そして彼らは、見た。――先ほどまで何もなかった川縁に、ひとりの男が立っていた。一点の汚れもない白髪に、曲がった背中はまるで老人のよう。しかしそうではないと、彼らは思い知らされていたのだ。
「死柄木……!」
わずかに怯えを覗かせる八百万を背中に庇い、焦凍は変身の構えをとる。しかし弔は、それを手で制した。
「焦らなくていいよ、とどろき。
「何……?」
にたり、と笑う弔。純朴でありながら、酷薄――いまにも殺意が滲むのではないかと思えば、油断などできようはずもない。あの瞬間移動めいたスピードで襲いかかられ、"崩壊"の力を使われればひとたまりもない。
が、そんな焦凍の態度などお構い無しに、弔は言い放った。
「ぼく、これからしばらくいなくなるから」
「……は?」
「"整理"、やれって言われたんだ。だからジャラジと、ゴオマ連れてく……」
「なに言ってんだ、整理ってなんだ!?」
「……すぐにわかるよ。そんなことより轟……整理やるだけじゃ、ぼく、つまらないんだ」
「ぼくとまた、遊んでくれるよね?」
「――!」
焦凍は思わず息を呑んだ。そのことばのためではない。何か、色とりどりの糸のようなものが、ふたりの間でつながっているのが見えた。それを介して、弔の感じているものが自分に流れ込み、自分の感じているものが弔に流れ込んでくるような感覚があった。
(死柄木……おまえは……)
(………)
「……さん、轟さん!」
「!」
焦凍ははっとした。長い夢を見ていたかのような後味が、体内に渦巻いている。
気づけば弔の姿は、その場から消えうせていた。
「大丈夫……ですか?」
「……ああ。
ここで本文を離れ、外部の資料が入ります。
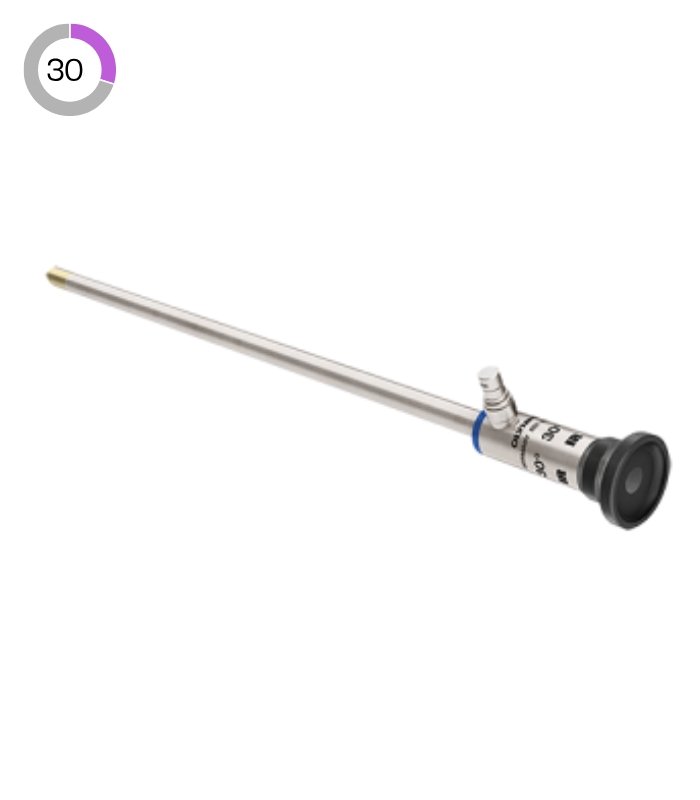 Olympus 5mm 30° Laparoscopic Telescope – Refurbished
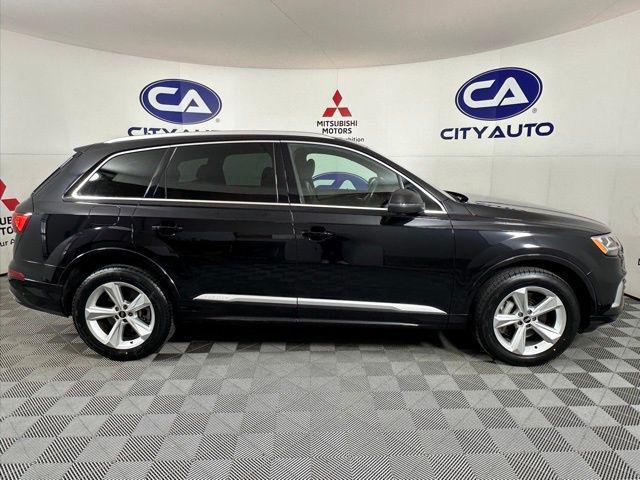 used 2021 Audi Q7 car, priced at $33,910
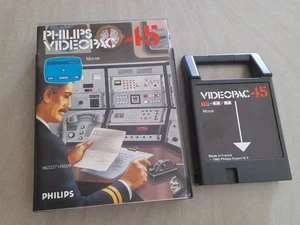 G 7000 Philips Videopac 45 Morse Philips Videopac G7000 G7400 Sammler - Picture 1 of 1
どれくらいボーッとしてた?」
「何秒か……」
そうか、と口の中でつぶやいた。自分の身に一体何が起きたのか、それはあとでよくよく検証する必要があるだろう。
だが、いまは――
「八百万、」
「は、はい!」
「飯……しばらく、一緒に食えねえと思う」
「……!」
焦凍が何を決断したのか――この聡明な女性にすべてを悟らせるためには、そのひと言で十分だった。
「悪ィ……いや、ごめんな」
「……いえ、」
なりたいヒーローになる――焦凍はそのための途を突き進もうとしている。だったら、自分のやるべきことはひとつ……彼女はそう心していた。
「私……いつまでもお待ちしていますわ。だから轟さん……どうか、ご無事で」
「……」
――ああ、
――彼女はこんなにも、綺麗な
母以外の女性のことを、焦凍は生まれてはじめて心からそう思った。